Limonov reports that he first learned about Islam from Gaydar Jamal, and admired it more after what he saw in jail in 2002-03 (where he had a Chechen cellmate, the rebel Aslanbek Alkhazurov). Asked why some Russian rightists were converting to Islam, he replied:
I think that National Bolsheviks who convert to Islam are looking for both protest and discipline in Islam. Islam clearly states how to behave in everyday life, something which is not taught in other religions . . . In Islam, an individual finds precise rules.
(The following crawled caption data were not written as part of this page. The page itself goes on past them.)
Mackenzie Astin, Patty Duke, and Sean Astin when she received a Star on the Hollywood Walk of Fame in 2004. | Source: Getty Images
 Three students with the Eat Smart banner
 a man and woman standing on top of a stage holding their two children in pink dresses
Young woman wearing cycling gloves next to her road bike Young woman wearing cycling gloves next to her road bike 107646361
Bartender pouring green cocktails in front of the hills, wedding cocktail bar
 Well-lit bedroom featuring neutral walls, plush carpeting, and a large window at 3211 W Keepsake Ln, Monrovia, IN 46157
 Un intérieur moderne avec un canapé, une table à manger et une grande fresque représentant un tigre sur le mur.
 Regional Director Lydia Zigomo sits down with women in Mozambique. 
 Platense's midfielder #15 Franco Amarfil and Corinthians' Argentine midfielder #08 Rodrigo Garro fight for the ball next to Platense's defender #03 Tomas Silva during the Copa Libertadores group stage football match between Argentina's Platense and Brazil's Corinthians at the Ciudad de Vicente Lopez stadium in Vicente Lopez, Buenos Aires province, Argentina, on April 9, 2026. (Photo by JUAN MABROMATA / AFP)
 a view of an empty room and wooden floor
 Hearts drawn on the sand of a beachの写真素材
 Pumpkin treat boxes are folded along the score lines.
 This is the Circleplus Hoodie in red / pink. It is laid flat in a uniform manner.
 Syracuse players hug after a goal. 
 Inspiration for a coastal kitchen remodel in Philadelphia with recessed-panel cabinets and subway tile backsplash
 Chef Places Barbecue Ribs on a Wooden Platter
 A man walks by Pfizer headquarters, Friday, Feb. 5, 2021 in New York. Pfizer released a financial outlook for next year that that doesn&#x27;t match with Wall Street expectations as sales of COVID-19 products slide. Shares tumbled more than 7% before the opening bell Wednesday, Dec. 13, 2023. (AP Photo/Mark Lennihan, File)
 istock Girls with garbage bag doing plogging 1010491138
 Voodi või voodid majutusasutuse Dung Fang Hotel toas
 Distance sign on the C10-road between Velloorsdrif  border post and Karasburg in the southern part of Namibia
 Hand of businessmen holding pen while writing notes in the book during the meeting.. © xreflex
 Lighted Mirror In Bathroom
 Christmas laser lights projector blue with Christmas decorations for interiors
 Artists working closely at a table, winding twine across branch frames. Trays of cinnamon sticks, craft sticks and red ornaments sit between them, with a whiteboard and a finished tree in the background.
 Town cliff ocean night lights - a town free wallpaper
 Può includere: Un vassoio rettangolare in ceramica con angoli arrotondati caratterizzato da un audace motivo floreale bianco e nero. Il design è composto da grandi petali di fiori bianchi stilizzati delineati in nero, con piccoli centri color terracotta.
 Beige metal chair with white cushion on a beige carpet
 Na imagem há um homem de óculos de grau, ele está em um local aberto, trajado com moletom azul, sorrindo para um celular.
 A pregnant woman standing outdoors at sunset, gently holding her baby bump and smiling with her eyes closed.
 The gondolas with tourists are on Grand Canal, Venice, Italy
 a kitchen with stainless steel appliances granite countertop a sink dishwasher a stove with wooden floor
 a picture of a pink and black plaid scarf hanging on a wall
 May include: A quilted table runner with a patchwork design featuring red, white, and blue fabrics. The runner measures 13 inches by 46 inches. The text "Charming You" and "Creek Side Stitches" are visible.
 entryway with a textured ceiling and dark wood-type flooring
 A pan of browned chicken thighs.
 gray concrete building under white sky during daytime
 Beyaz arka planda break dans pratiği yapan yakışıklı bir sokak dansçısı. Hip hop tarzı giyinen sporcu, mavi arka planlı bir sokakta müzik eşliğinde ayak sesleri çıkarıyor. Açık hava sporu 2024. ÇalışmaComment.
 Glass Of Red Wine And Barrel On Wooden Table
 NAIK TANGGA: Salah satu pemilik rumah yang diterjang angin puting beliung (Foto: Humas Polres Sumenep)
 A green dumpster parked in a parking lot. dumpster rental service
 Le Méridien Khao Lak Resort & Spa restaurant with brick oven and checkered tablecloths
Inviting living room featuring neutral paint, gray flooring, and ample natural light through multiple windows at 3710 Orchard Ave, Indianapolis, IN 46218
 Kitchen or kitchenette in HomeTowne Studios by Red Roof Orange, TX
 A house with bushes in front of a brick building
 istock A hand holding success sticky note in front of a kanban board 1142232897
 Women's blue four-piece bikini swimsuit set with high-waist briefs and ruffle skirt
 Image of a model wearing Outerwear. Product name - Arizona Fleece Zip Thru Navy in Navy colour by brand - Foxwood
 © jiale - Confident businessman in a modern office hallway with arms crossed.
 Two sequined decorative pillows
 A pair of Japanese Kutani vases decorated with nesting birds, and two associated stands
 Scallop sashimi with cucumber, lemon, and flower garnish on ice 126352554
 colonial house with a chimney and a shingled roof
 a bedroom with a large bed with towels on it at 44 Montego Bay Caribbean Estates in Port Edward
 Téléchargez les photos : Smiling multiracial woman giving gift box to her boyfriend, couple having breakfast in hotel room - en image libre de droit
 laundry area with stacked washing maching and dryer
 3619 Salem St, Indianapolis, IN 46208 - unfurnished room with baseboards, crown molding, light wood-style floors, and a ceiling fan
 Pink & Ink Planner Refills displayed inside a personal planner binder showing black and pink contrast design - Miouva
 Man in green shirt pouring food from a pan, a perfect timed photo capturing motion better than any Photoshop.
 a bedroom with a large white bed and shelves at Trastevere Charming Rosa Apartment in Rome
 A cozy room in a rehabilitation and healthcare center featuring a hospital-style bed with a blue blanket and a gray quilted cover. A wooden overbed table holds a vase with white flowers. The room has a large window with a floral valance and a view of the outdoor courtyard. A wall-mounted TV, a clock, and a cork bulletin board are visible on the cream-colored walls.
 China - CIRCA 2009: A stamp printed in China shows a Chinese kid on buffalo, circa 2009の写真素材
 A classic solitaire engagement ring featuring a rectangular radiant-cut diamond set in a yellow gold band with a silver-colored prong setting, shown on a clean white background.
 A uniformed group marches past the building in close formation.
Lord Bassington-Bassington said...

I always feel uncertain when I try to judge how much popular conspiracy theories are. Many people consume conspiracy material as entertainment - how many of David Icke's readers, for example, take him seriously? And how many of the 1400-odd clicks on this guy's video are from people who think he's an entertaining loon and tip their friends about him?

zzouiii said...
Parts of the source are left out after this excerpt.